Demonstrating our commitment to mentorship at the earliest ages, the Weill Cornell Medicine Brain and Spine Center recently hosted dozens of potential health care providers for an exciting day of learning and fun. The fifth graders, all from St. Ignatius Loyola School in Manhattan, explored the fields of neurosurgery, laboratory medicine, trauma, hematology, and pathology, and even got a lesson in what to do about bleeding.
Three groups of 20 students each toured different areas of the hospital. One session, led by fifth-year neurosurgical resident Benjamin Hartley, MD, and physician assistant Allison Basham, guided students in a mock brain surgery. Students “operated” on green bell pepper “brains” using endoscopic surgical techniques to remove the tiny seed “tumors.” After that, Dr. Hartley invited them to perform a craniotomy by cutting open the pepper and using tweezers to remove the tumors.
Students were also given a tour of the hematology and pathology labs, where they observed the various machines used to test blood and got a close look at a microscope. They then went downstairs to the trauma lab where Dr. David J. Pisapia gave a demonstration of the different parts of the brain and what each area is in charge of. At the close of their visit, students were given a demonstration from Rob Curran on how to stop bleeding in an emergency.

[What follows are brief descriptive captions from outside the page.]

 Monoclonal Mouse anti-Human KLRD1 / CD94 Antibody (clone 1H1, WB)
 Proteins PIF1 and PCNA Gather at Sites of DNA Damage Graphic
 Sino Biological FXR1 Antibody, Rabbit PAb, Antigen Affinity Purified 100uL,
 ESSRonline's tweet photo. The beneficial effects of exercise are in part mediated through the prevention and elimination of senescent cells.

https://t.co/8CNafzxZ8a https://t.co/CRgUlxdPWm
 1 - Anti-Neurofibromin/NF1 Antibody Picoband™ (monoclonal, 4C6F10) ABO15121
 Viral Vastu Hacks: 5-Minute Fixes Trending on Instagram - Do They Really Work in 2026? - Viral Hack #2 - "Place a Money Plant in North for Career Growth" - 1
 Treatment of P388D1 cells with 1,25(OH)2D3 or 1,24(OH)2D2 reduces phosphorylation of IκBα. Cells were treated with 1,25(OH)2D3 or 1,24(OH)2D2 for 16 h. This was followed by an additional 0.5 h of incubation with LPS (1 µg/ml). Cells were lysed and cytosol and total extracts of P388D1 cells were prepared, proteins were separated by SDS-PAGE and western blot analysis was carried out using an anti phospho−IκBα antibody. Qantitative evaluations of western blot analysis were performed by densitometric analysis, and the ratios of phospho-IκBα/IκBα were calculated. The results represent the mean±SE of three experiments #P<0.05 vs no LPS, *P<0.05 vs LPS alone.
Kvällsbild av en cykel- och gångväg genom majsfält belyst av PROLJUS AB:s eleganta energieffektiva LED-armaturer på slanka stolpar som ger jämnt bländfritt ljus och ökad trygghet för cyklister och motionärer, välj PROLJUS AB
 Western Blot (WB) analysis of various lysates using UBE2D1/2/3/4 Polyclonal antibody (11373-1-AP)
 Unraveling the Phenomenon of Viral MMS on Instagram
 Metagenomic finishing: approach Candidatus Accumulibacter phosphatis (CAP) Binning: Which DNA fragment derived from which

Throughout the tour, the students were engaged with games, workshops, and lectures, and they took every opportunity to ask thought-provoking questions. Their excitement about performing surgery, demonstrating first aid skill, and playing blood donor games was palpable. This collaboration across departments, spearheaded by physician assistant Suzan Wollard in Neurosurgery, Lya Montella of Cytogenetics, and Anthony Borriello of the NYPWC More Than A Specimen Laboratory Team, was a proud moment for New York-Presbyterian Weill Cornell Medicine.